In this tutorial you will learn how to train a data model locally in R and then predict in Exasol using a UDF.

Prerequisites

  • A running Exasol database

  • R development environment such as RStudio

Load data and train in R

Load libraries in R

This tutorial uses data from the BostonHousing sample data set in the mlbench library.

Also load the libraries RODBC, exasol, randomForest, and RCurl, which will be required in this tutorial.

# load libraries
library(mlbench)         # Load data
library(RODBC)           # ODBC database connectivity
library(exasol)          # R interface for Exasol database
library(randomForest)    # Random forests for regression and classification
library(RCurl)           # HTTP communication

Load data and split into training and testing sets

Load the data into R, then split it into a training set and a testing set. The ratio of the split is arbitrary and depends on the available data and application, but in this case you will keep 75% of the data for training and use the remaining 25% for testing purposes.

There are several methods that you can use to split the data. In this tutorial we use a method that randomly generates indexes that subset rows from the main data set.

# Load data
data("BostonHousing")

# Generate random indices (75% of the sample size)
set.seed(42)
indices <- sample(nrow(BostonHousing),size=floor(nrow(BostonHousing) * 0.75))

# Add a dummy variable with 2 levels "Train" and "Test"
BostonHousing$split = factor(NA, levels = c("Train", "Test"))

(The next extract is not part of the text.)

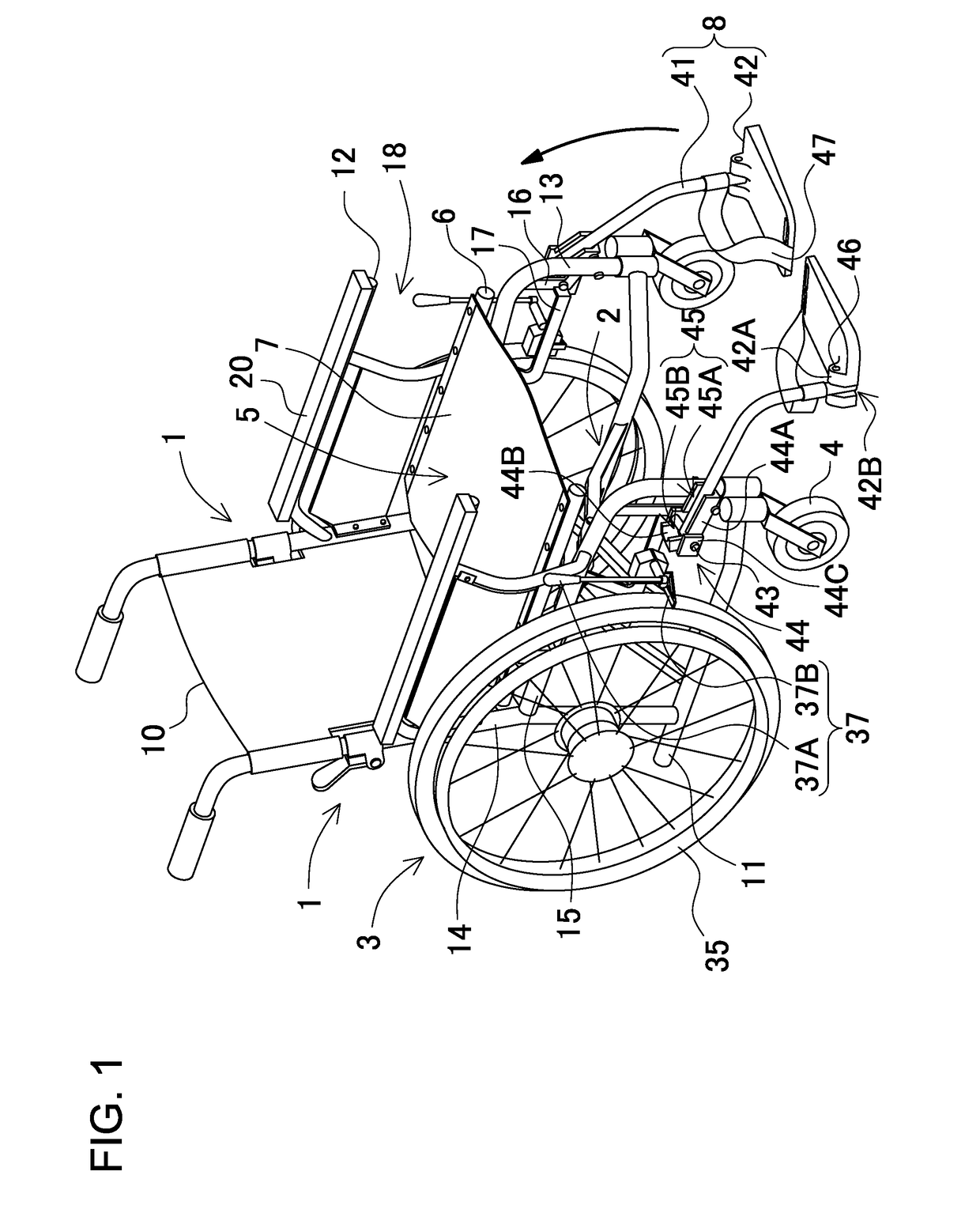 Footrest-foldable wheelchair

# Assign predefined rows respectively to "Train" and "Test" subsets
BostonHousing$split[indices]  = "Train"
BostonHousing$split[-indices] = "Test"

# Add id variable
BostonHousing$id = seq(1:nrow(BostonHousing))

Train the model

You can now train a basic random forest model on our data and see which variables contribute the most to predicting the median house value.

set.seed(42)
# Run model (note that we filter only for the training data (split=="Train"))
rf_model = randomForest(medv ~ .-split -id,
                        data = BostonHousing[BostonHousing$split=="Train",],
                        importance = TRUE)

# See which variables are important in predicting house prices
varImpPlot(rf_model)
# rm    - number of rooms per house
# lstat - % lower status of the population

Random forest model

Upload the model to BucketFS

UDF scripts are executed in parallel on the Exasol cluster. The UDF that you will use for prediction must have access to the model that you just trained. You can store the model on any file service, but for performance reasons we recommend that you upload it to BucketFS on the cluster nodes.

BucketFS is a synchronous file system available on all database nodes in an Exasol cluster. You can upload files to BucketFS in R using packages that allow HTTP communication, such as httr or RCurl. In this tutorial you will use the RCurl package to upload the trained model.

The model that lives in the R environment has to be serialized (converted into raw text) when it is uploaded to BucketFS. When it is retrieved from BucketFS it must be unserialized and returned to its original file type.

To learn more about serialization in R, enter ?serialize in RStudio.

For more information about BucketFS, see BucketFS.

Values in angle brackets such as <bucket_name> are placeholders. Replace these with your own values.

# Define options for the authentication
curl_opts = curlOptions(userpwd  = "w:<write_passwd>",
                        verbose  = FALSE,
                        httpauth = AUTH_BASIC)

# Transfer model to the bucket
httpPUT(
  # EXABucket URL (change for your environment)
  url = "http://<Exasol server>:<BucketFS service port>/<Bucket name>/rf_model",
  # It is important to serialize the model
  content = serialize(rf_model, ascii = FALSE, connection = NULL),
  # EXABucket: authenticate
  curl = getCurlHandle(.opts = curl_opts)
)

Load data into Exasol

Load the data into the Exasol database by opening a connection and using the exa.writeData function in the Exasol R package.

To know more about how to write data into an Exasol database from R, see Write data.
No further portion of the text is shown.